→ **PROMPT**: Range to repeat from the listing below: the line containing "Ankole cattle grazing" down to the line containing "Miniature Poodle dogs", both included. Copy it exactly, pictures excluded, and add nothing else.
*** EXCERPTED DATA Section Begins ***
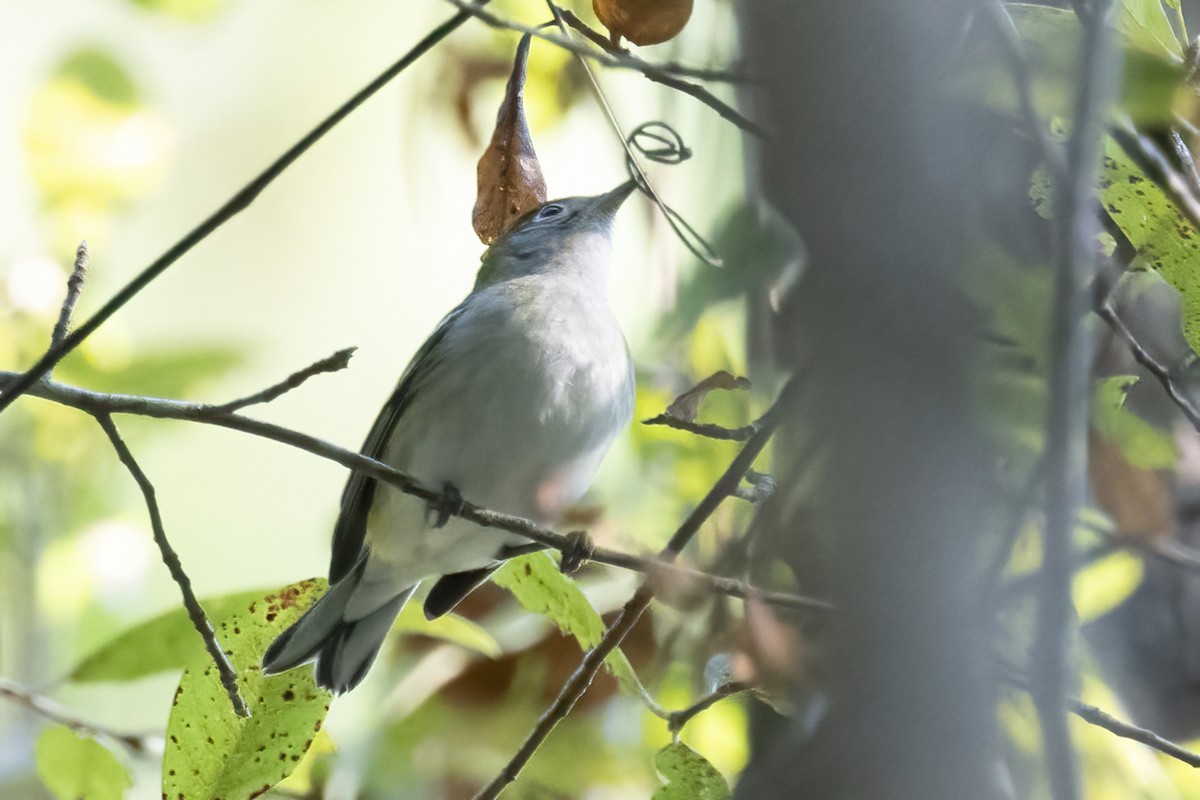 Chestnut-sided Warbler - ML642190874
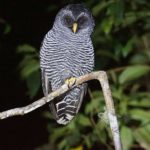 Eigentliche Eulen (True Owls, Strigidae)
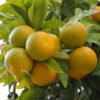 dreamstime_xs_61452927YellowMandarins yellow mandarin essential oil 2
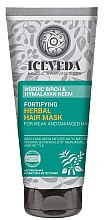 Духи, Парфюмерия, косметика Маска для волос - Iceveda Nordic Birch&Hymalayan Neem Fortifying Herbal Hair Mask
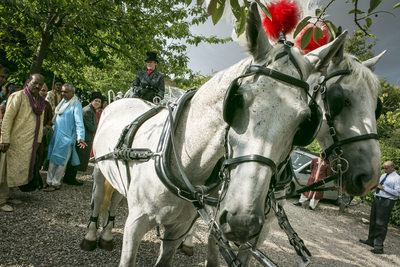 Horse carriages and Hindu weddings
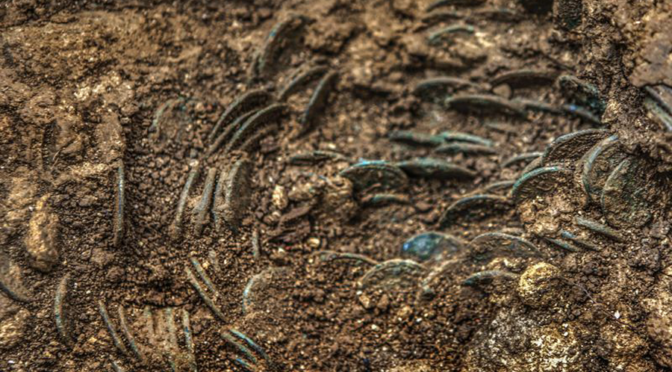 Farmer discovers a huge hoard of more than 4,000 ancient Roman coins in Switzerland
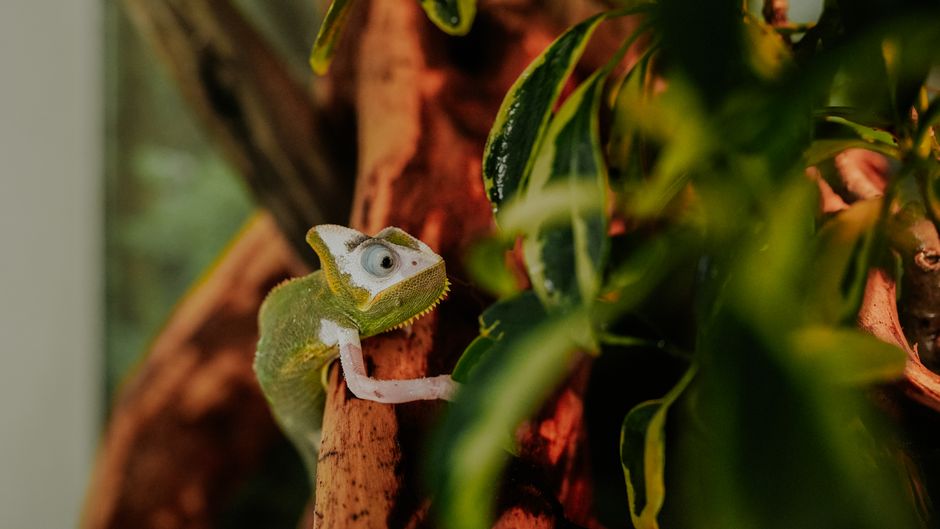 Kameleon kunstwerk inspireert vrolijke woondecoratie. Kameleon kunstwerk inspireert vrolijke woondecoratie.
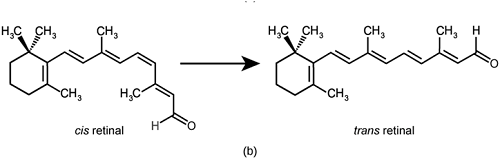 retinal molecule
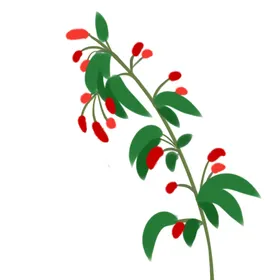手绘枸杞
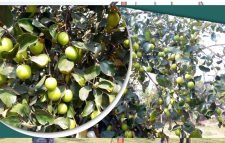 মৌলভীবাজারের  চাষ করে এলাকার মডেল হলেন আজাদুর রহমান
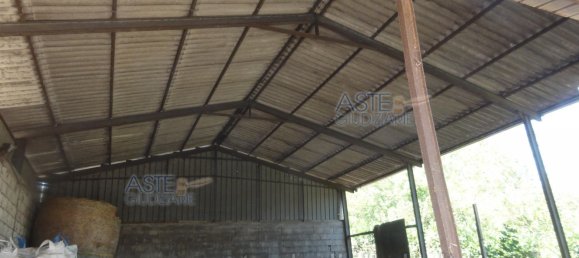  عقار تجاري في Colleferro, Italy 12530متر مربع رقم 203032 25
*** EXCERPTED DATA Section Ends ***
*** EXCERPTED DATA Section Begins ***
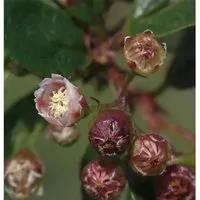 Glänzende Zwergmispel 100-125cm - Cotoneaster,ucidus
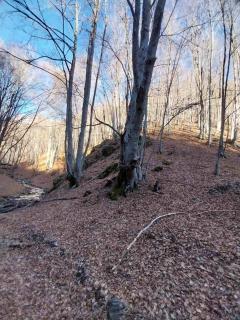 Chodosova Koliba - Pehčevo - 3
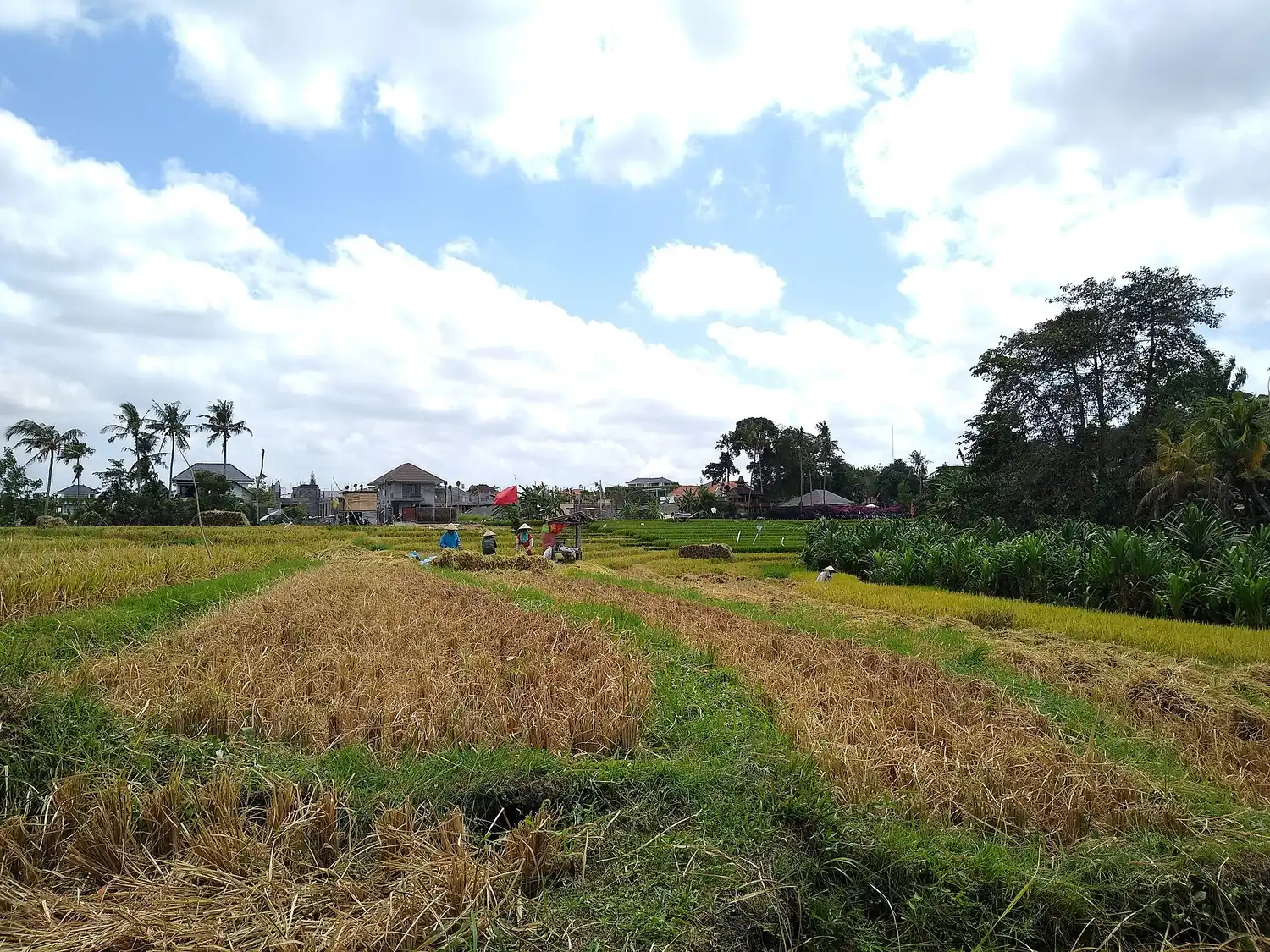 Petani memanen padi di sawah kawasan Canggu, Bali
*** EXCERPTED DATA Section Ends ***
*** EXCERPTED DATA Section Begins ***
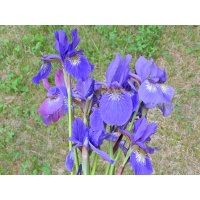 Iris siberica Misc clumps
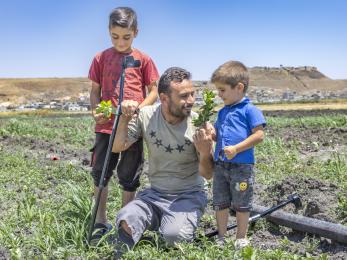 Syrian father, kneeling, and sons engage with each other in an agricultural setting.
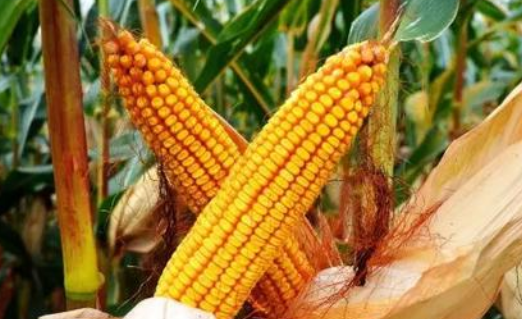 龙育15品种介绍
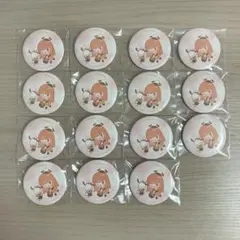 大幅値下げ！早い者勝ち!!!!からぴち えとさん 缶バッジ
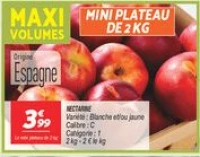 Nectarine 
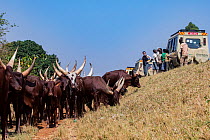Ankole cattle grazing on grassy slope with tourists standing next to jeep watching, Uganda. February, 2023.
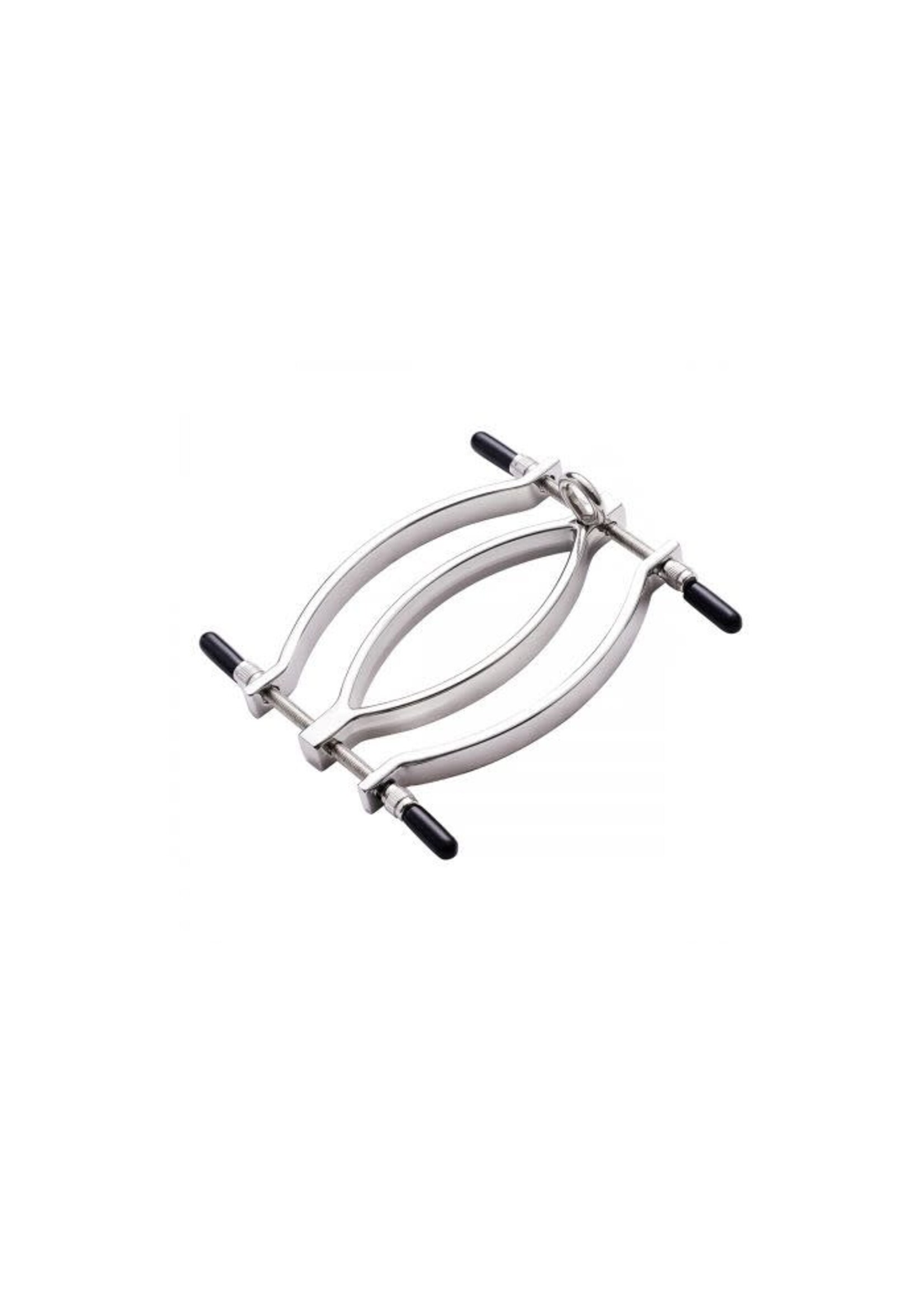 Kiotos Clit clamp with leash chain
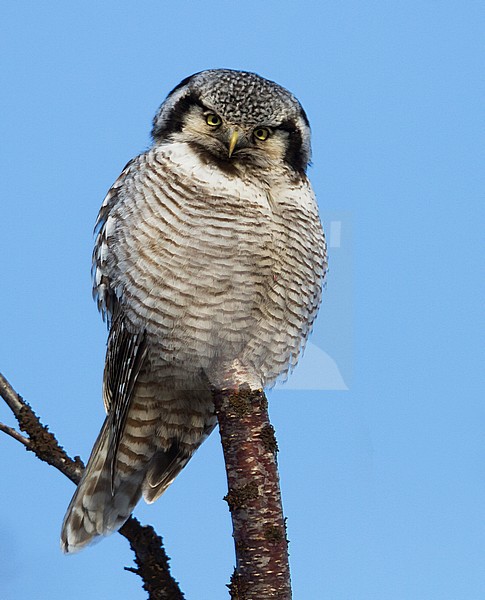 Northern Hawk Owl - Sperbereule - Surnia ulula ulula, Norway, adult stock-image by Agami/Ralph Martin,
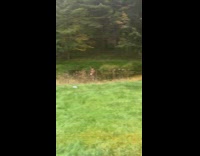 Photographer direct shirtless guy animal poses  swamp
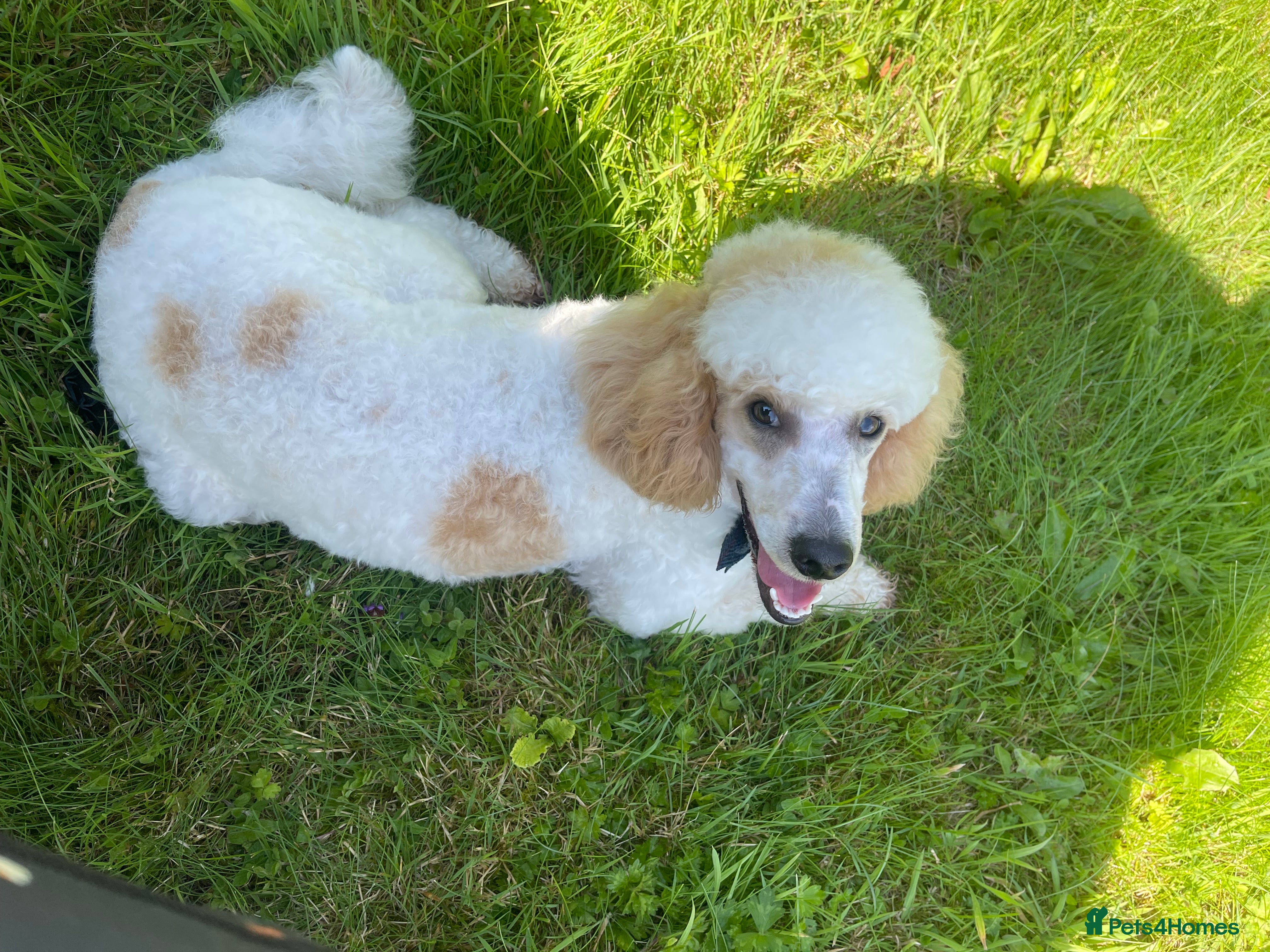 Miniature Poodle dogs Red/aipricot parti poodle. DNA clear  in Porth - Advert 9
*** EXCERPTED DATA Section Ends ***
→ **TASK SOLUTION**:
Ankole cattle grazing on grassy slope with tourists standing next to jeep watching, Uganda. February, 2023.
 Kiotos Clit clamp with leash chain
 Northern Hawk Owl - Sperbereule - Surnia ulula ulula, Norway, adult stock-image by Agami/Ralph Martin,
 Photographer direct shirtless guy animal poses  swamp
 Miniature Poodle dogs Red/aipricot parti poodle. DNA clear  in Porth - Advert 9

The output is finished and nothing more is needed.